Mental Health Support
Related: About this forumI have something uncomfortable to ask about someone (who may have borderline personality disorder)
I am so sorry, but I'm hoping someone here has successfully dealt with a similar situation and can help me because I don't know what to do about my ex's behavior and I don't want to escalate the issue.
** I don't want to upset anybody, so if you think there is a possibility that this post may do so, please don't read any further.**
My ex and I divorced a decade ago. Anytime he sees me (usually at a school event), he'll call, text or email me within 24 hours about some happy memory of the past that only he has (I do not have fond memories of him). I have been very clear that he and I are done, yet he continues to contact me to reminisce, etc. He will not let go. I have repeatedly told him to stop, to no avail. Even though I let every call go to voicemail and I never answer these kind of texts, he uses any reason to reach out and try to connect with me--our anniversary, bad weather, a song, a commercial, etc.
I've thought about blocking his number, changing my number or obtaining a restraining order, but that will only make the situation worse (moving is not an option.) He has a criminal mind, a short fuse, takes everything personally and acts paranoid. He is intense, aggressive and impulsive. He loves drama and fighting, so I don't want to feed that. In the past, he also had drug and alcohol addictions and was verbally and emotionally abusive. (I don't know if he still uses drugs, but I do think he drinks.)
I think my ex may have borderline personality disorder. I can't be positive because I begged him for years to seek help and he refused. And I know that many mental illnesses overlap, but in seeking out professional help for myself after the divorce, I learned about the disorder and unlike any other, it describes him perfectly. I bring it up because it may be the basis of his behavior.
Has anyone here ever managed to sever ties with someone who has acted like this? (The relationship is not salvageable. He simply destroys every one he has.) Can anyone suggest something I can say that won't make the situation worse, but will make the point that his behavior is unhealthy and he needs to seek help so he can move on?
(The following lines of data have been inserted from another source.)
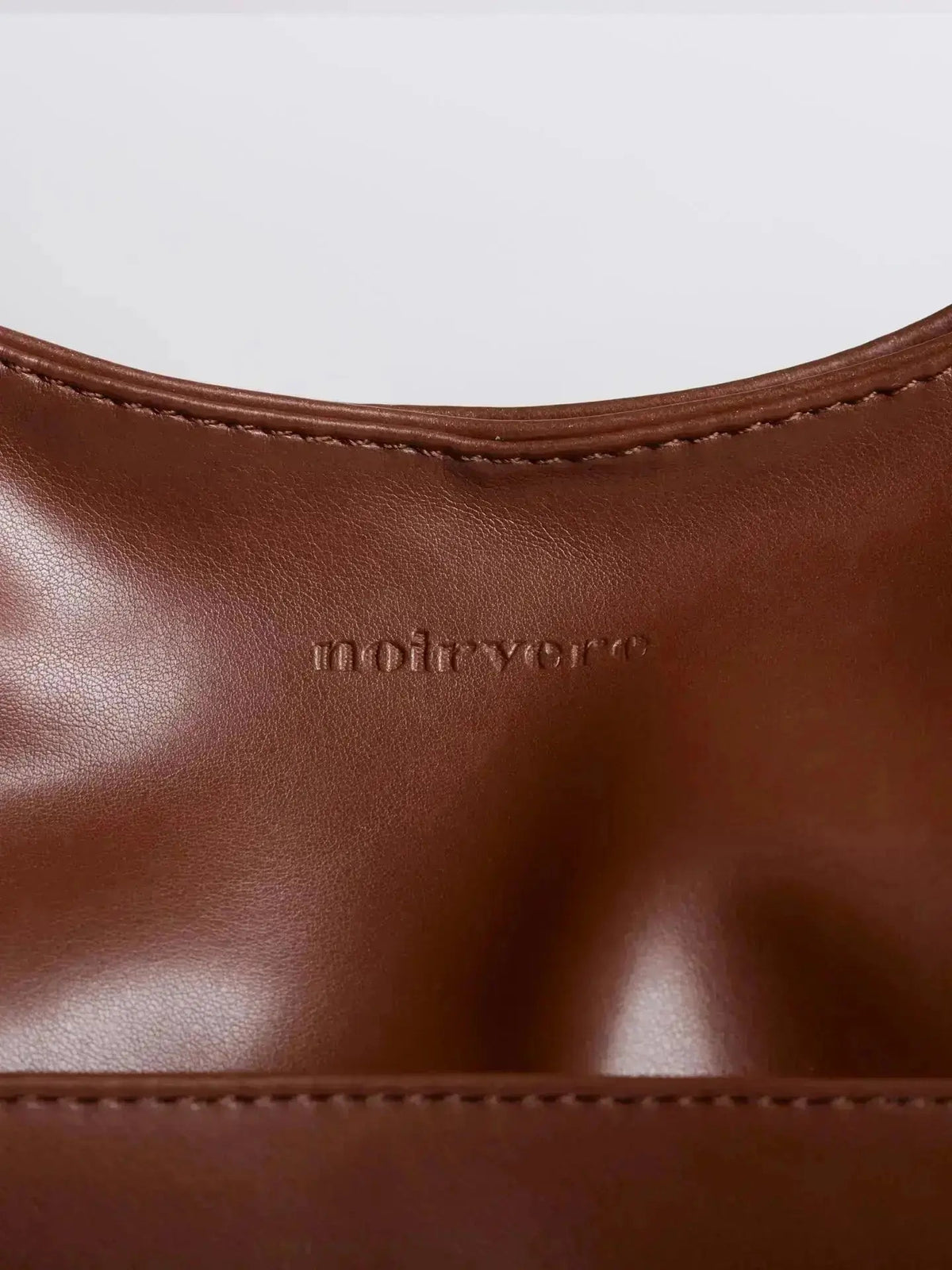 Noir Essence Bag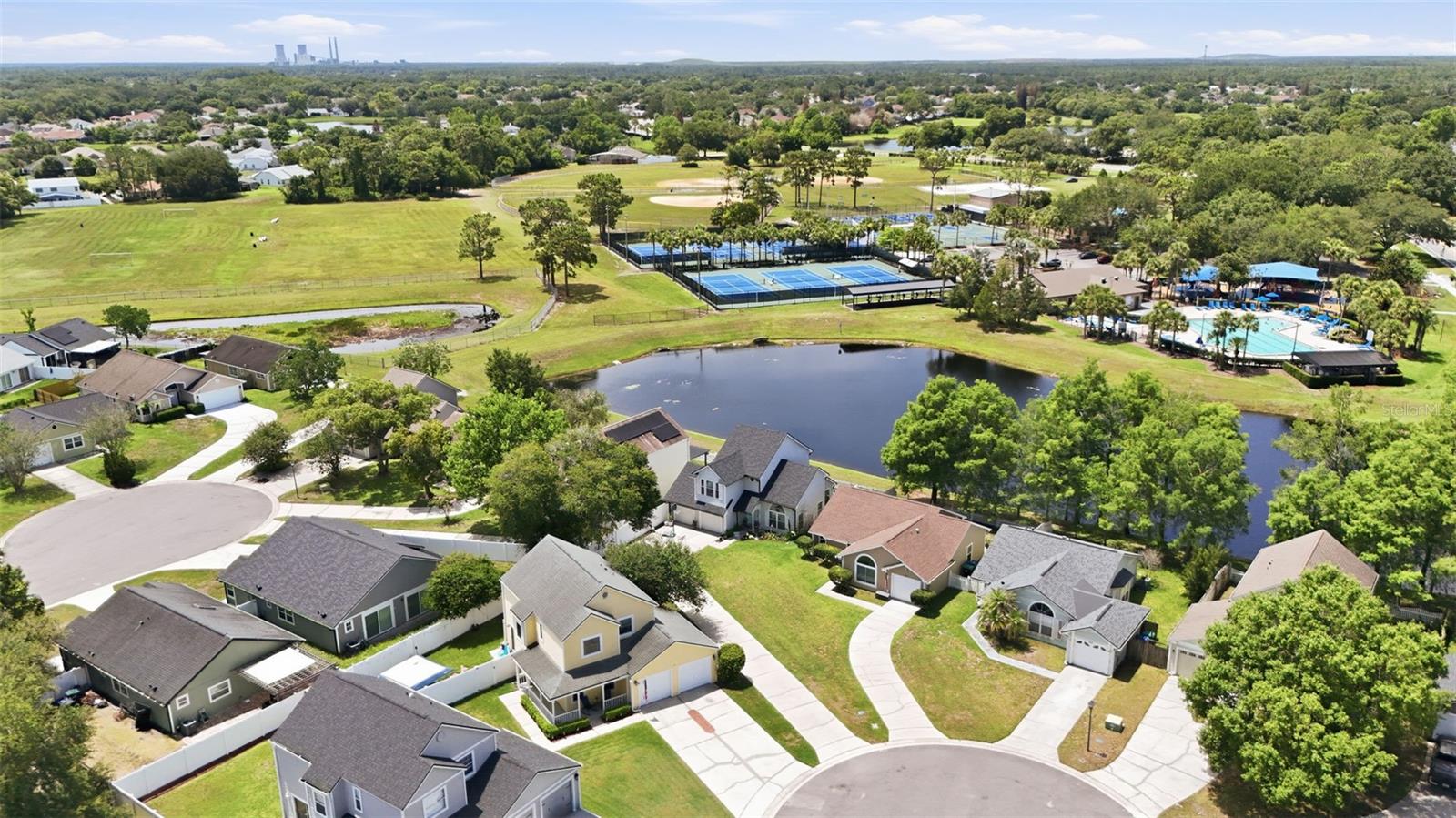 WATERFORD LAKES/CROSSROADS - Residential
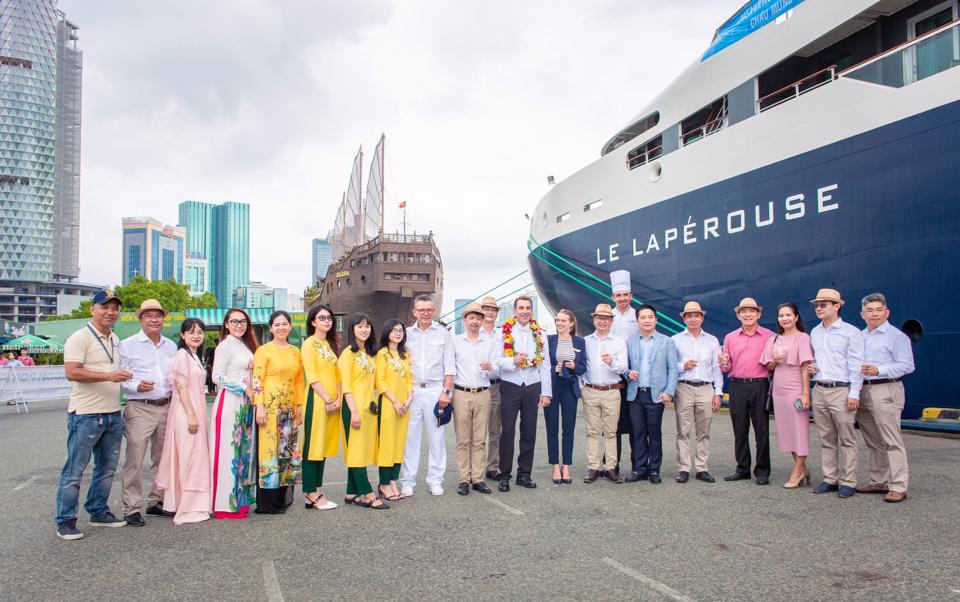Du lịch tàu biển Việt Nam: Cơ hội nhiều thách thức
I would appreciate any advice.
uppityperson
(115,871 posts)You divorced a decade ago, yet are still attached? Trying to get him to leave you alone makes him worse and you are scared of him?
I don't have advice, but empathy. Been there, done that. I moved away and was still harassed, our child stalked for the last 15 years after child (young adult) told dad to leave him alone. I am lucky in that he was not violent, just very persuasive in getting others to his point of view which was I was Evil.
Have you a Domestic violence group where you live? They might be able to help, advice, recommendations, etc, as this is what they deal with. You are not alone in this. Best wishes to you, it sounds like it really sucks.
Sweet Freedom
(4,004 posts)Yeah, my daughter doesn't want a relationship with him either. She's looking at colleges out of state to get as far as possible.
enough
(13,455 posts)or what he should do, will be no use. You can't help him. The only thing to do is to completely cease communication. Blocking phone and e-mail communication is probably best.
I'm saying this with the assumption that you don't have kids or other relatives you are both responsible for, so that a call from him might be about an emergency that you have to deal with (not an emergency about him only).
There is nothing you can say. Talking or communicating with him is just continuing the relationship, even if you are talking to him to tell him you want to end it permanently. You have to stop communicating.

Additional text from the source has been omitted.